There are strategic advantages as well. The nation will become far less vulnerable to foreign oil embargoes or other disruptions of energy supplies, even before it becomes nearly self-sufficient. For example: Merely reducing oil imports from today's 8.7 million barrels per day to 6 million b.p.d., the US would effectively extend the buffer of its Strategic Petroleum Reserve from 80 days to 116 days, points out David Goldwyn, a former US State Department special envoy for international energy and assistant secretary of energy, in an article for the International Herald Tribune.

There are also climate effects. America's move from coal to cleaner natural gas helped cut US carbon dioxide emissions in the first quarter of 2012 to levels not seen since 1992, Mr.

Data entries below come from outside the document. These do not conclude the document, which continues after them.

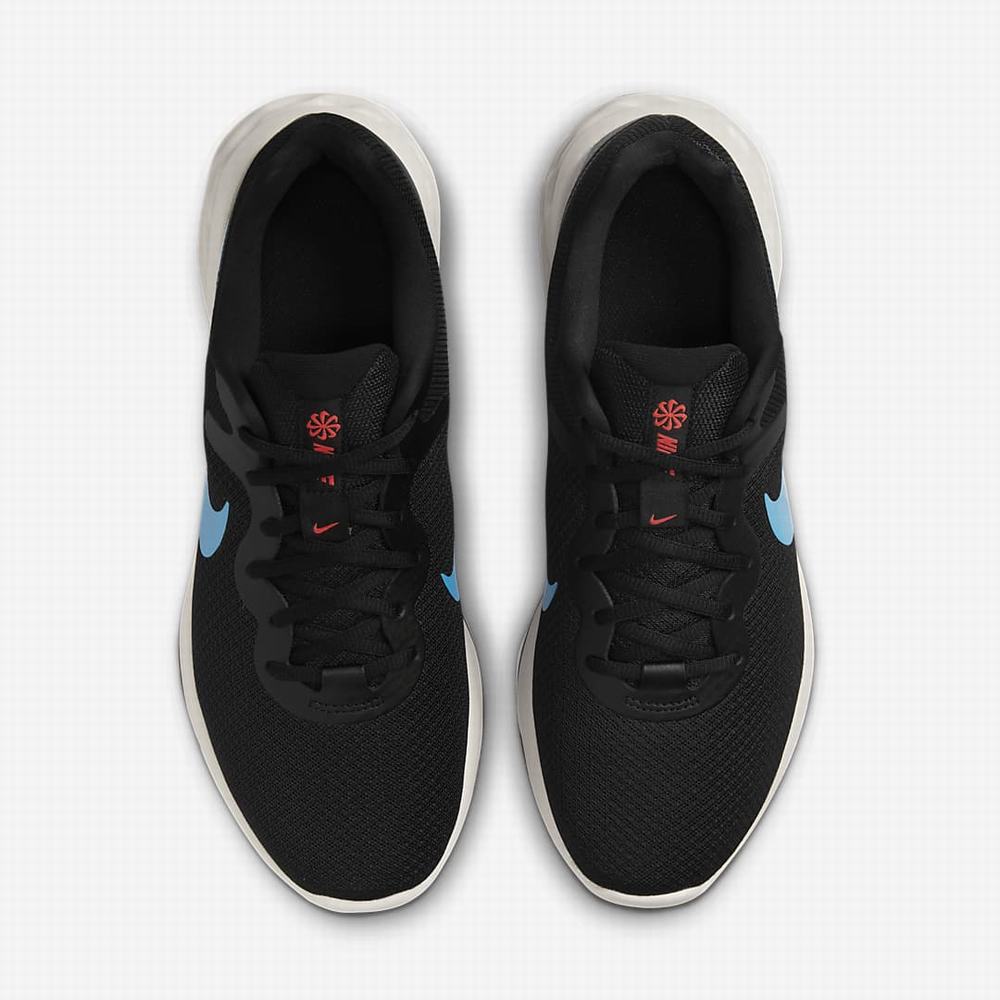 Nike Revolution 6 Next Nature Férfi Futócipő Fekete Szürke Világos Piros Kék | NI7016-H71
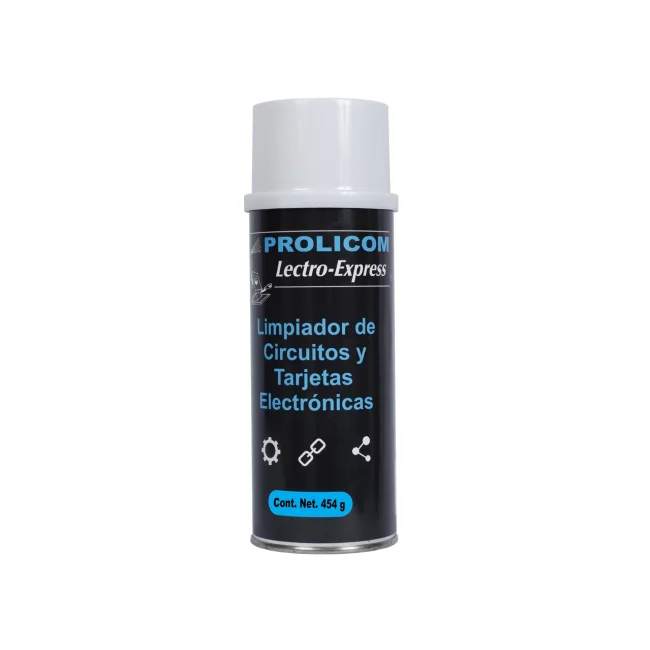 Limpiador antiestático PROLICOM, LECTRO-EXPRESS, 454ml, Limpiador en spray, Anti estáticos de circuitos
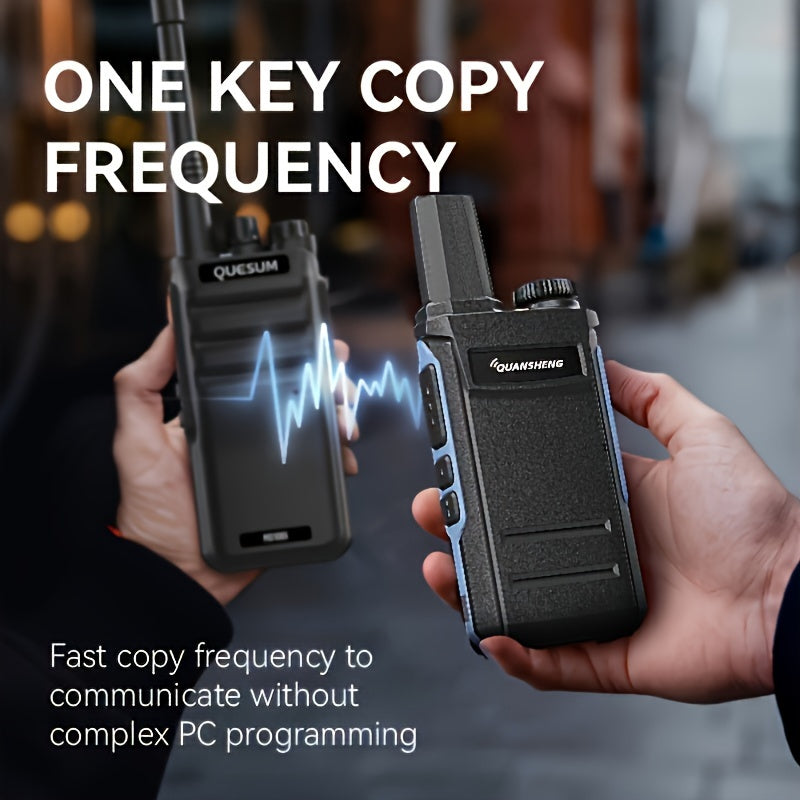 Quansheng TG-A1 Two-Way Radio - Remote Charging, Portable, Hands-Free - For Adults - Ideal for Cruising, Hiking, Hunting, Skiing - 2 Sets - Perfect Gift for Outdoor Enthusiasts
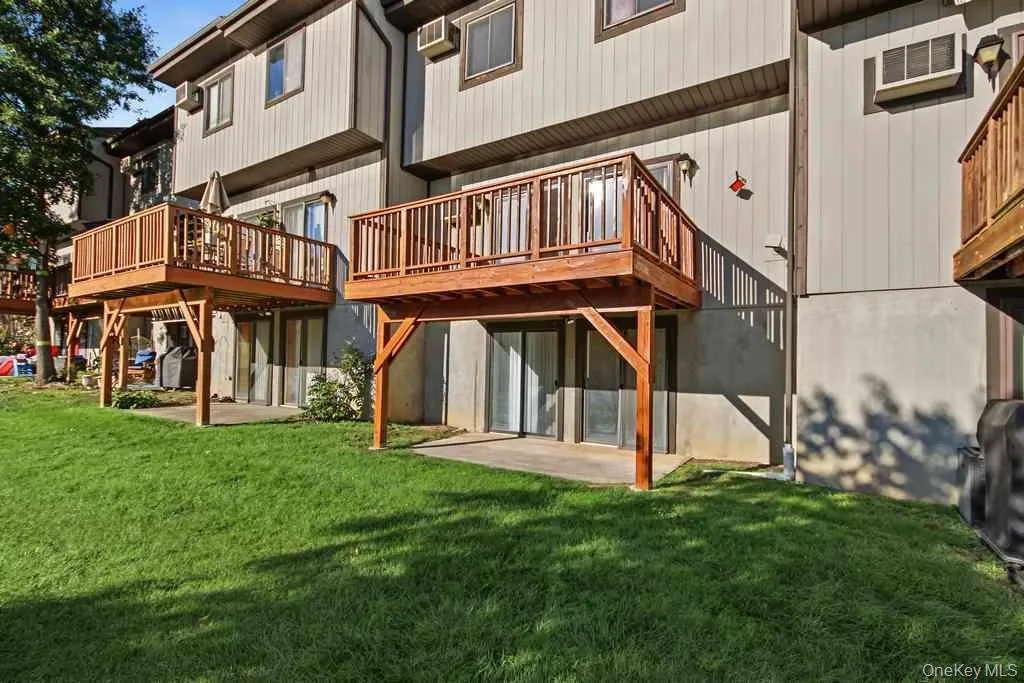 Deck and Patio - each w/view of Pond & Fountain Deck and Patio - each w/view of Pond & Fountain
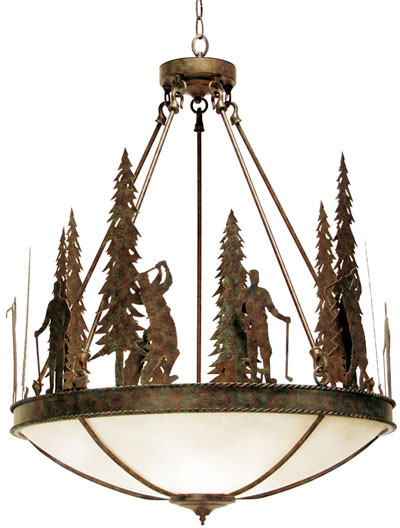 Meyda Custom 120177 Ironwood Country Hanging Lamp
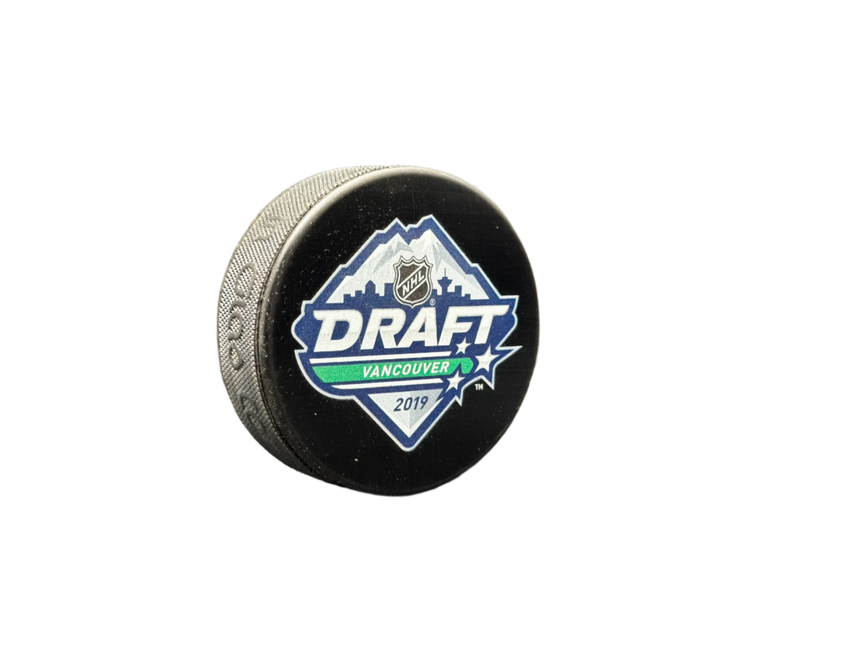 2019 Draft NHL Souvenir Model Hockey Puck Hosted by Vancouver Canucks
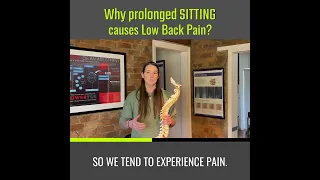 Why prolonged SITTING causes Low Back Pain?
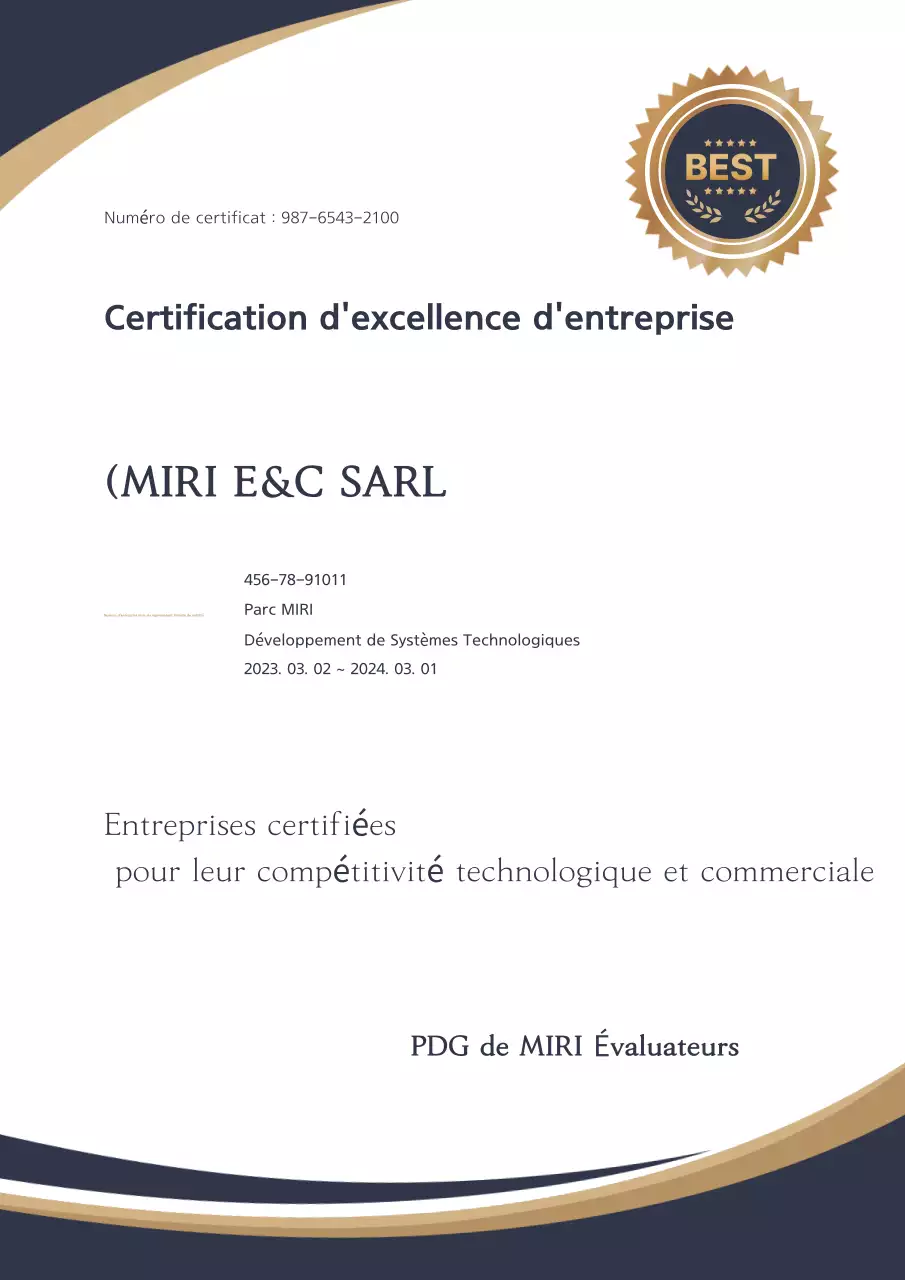 Liste certifiée Navy Clean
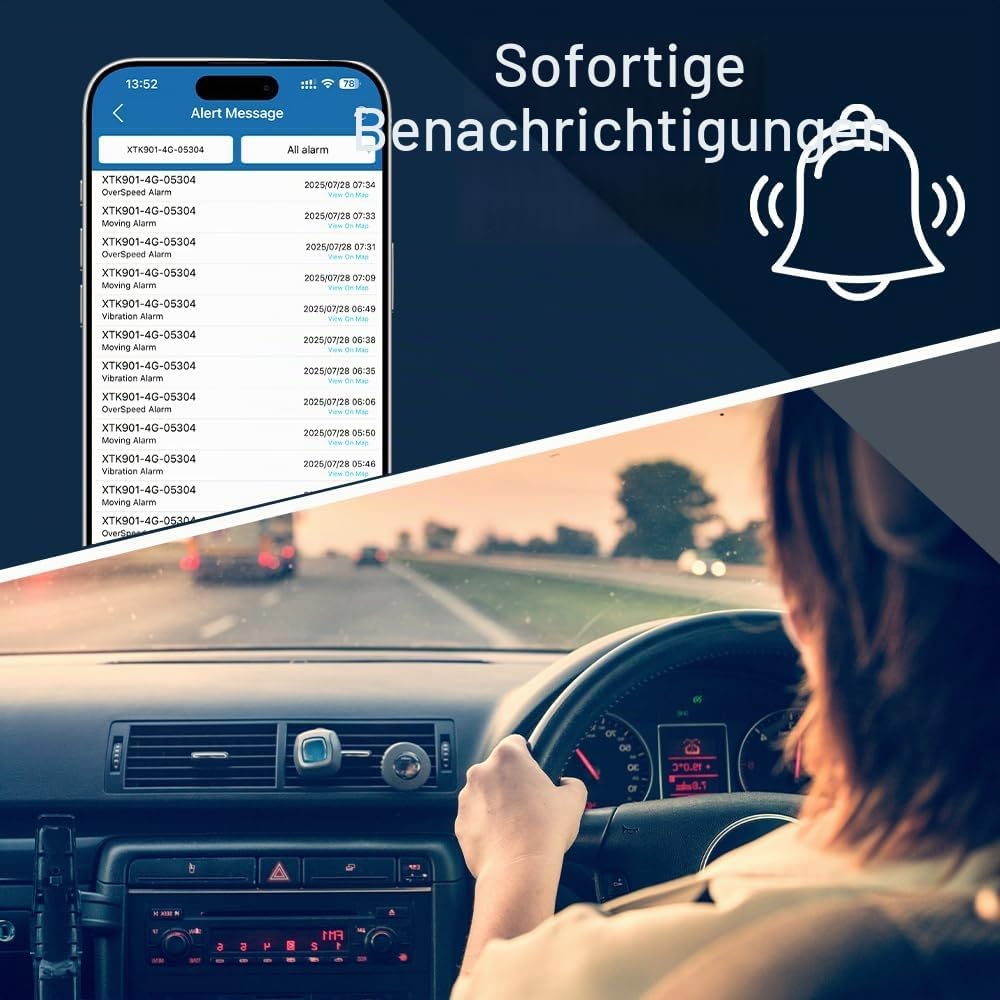 TKMARS TK905B 4G GPS Gerät, Diebstahlschutz Mehrere Alarme Tracker mit Echtzeit Ortung, 10000mah-Akk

Goldwyn points out. If natural gas can supplant coal internationally, especially in China, the climate benefits would be huge.

Of course, this is not the cleaner solution envisioned by environmentalists. Under their scenario, increasingly scarce oil would become more expensive, making "green" energy alternatives cost-competitive, leading to even more dramatic cuts in emissions. By contrast, the surge in oil and gas production means the US and the world will remain reliant on fossil fuels for longer than expected.

Governments could step in and encourage that switch toward renewables. Some economists are pushing for a carbon tax in the US that would help make renewables more cost-competitive. The IEA forecasts that a concerted global effort on energy efficiency could cut the growth in global energy demand in half through 2035 and cause oil demand to peak before 2020 and then fall substantially. Global output would rise a cumulative $18 trillion, with the India, China, the US, and Europe reaping the biggest gains.

While the surge in unconventional oil and gas is expected to deliver many economic benefits, there are at least two things it won't do: 1) lower the price of oil – at least, not singlehandedly; and 2) free the US from its geopolitical commitments to other nations in the Middle East, Europe, or Asia.

"Security always trumps economics in U.S. foreign policy," Goldwyn writes. "The country's commitment to global security and its vulnerability to global oil prices will keep Washington engaged for the foreseeable future."